You take a lift to the top floor, and start a chronological
journey, from Hergé’s birth and first drawings, ending up with his death,
mourned by many fans around the globe. In-between are examples of his output,
including graphic design: posters, advertising and logos. This work, although
looking of its time is of a high quality, and Hergé’s professionalism,
meticulous approach and work ethic can be clearly seen here. At this early
point in his career his drawings were not his ‘serious work’, but, as is often
the case, it was where is heart lay. Hergé’s prodigious talent as a draftsman
was abundantly clear from sketches he did as a young boy: the energy,
observation and wit visible in them was what defined his work.
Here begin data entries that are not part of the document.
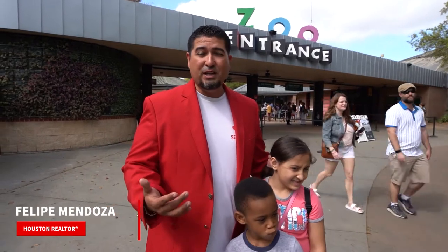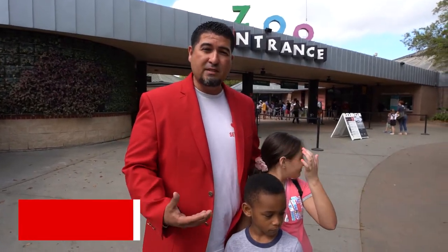Hey, what's up mi gente? I hope you guys are having a great day today. Today we're actually at the Houston Zoo. Houston Zoo has changed over the years — it's another great place where corporations have invested into the zoo.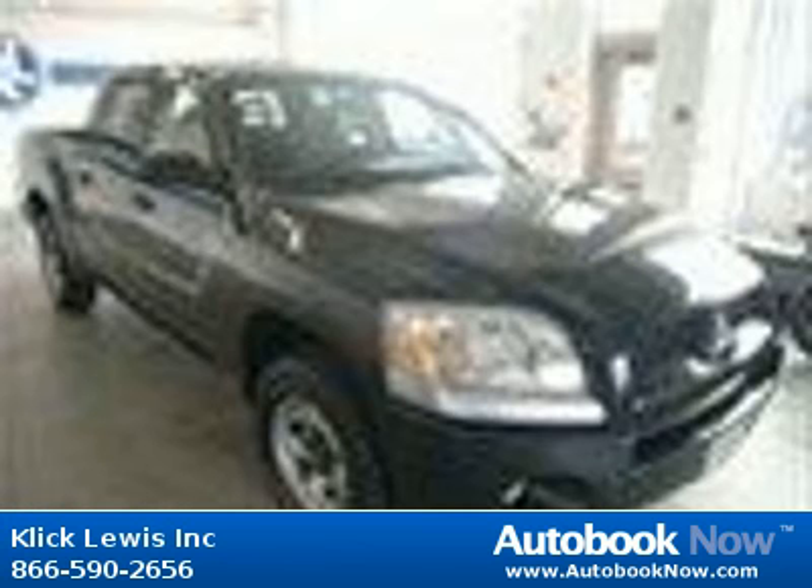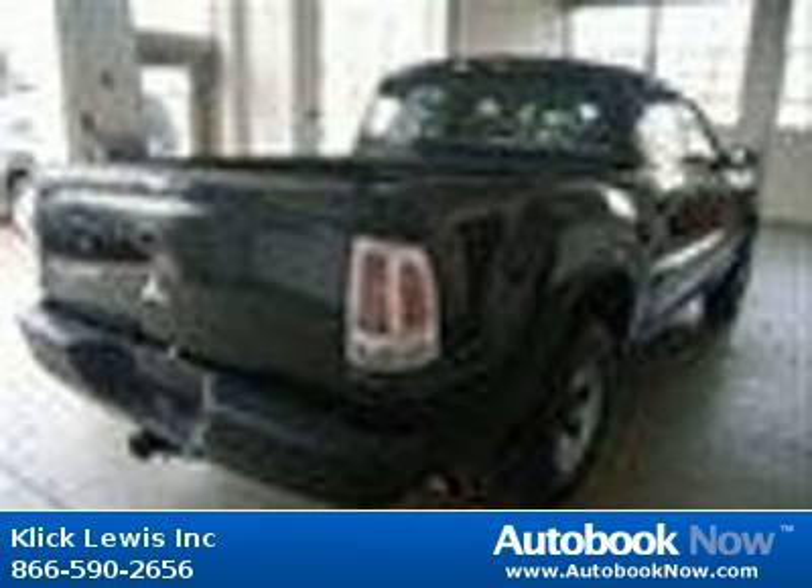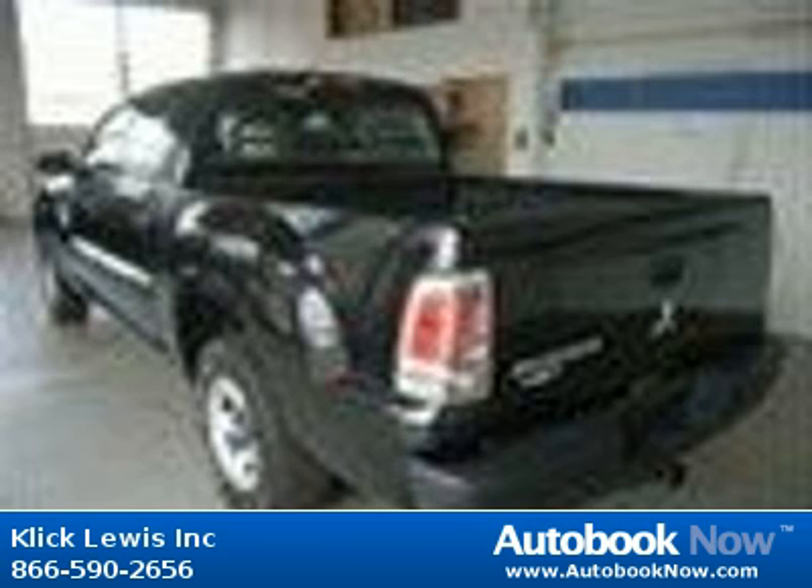This 2007 Mitsubishi Raider is available at ClickLuis Inc. in Palmar, Pennsylvania. This Raider has a beautiful brilliant black clear coat color and it has 74,000 miles on it.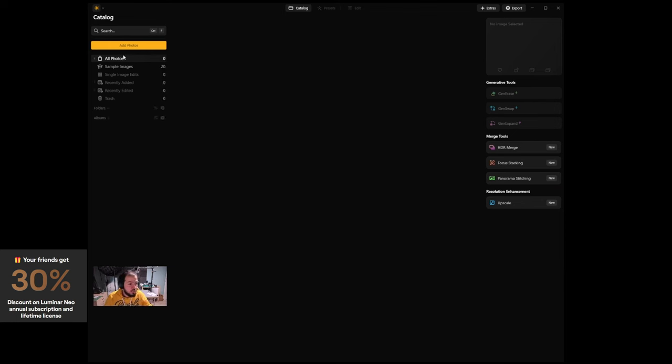This is not a full review of Luminar Neo — I'm preparing a full review for later on my channel. This is just a preview of what this software is capable of. So now we are inside Luminar Neo.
Even when people
more technically proficient than him were assisting him, it was Hergé’s vision
and energy that drove Tintin and all his other projects.
The main-stay of the exhibition are examples of artwork from
the Tintin books, with some from his other series’: Bob and Bobbet and Quicke
and Flupke. There is the finished line artwork from pages of the albums and
book covers, in all its messy glory, with squares of paper pasted in and white
opaque masking out mistakes and redraws. There are also preliminary sketches
showing early versions of various scenes, a page of Tibetan portraits, sketches
of different poses, all testimony to the painstaking work that went into the
stories. There are also some colour proofs of the colour plates, although sadly
no original painted colour artwork, which would have been interesting to see.
My 12 year old daughter enjoyed the Museum very much, saying
she liked it because it was small! Maybe the never-ending size of some of the
large Museums is overwhelming to a child. My own impression was also positive,
especially as an illustrator, to see the original artwork and techniques of
such a master, and understand just what went into his work.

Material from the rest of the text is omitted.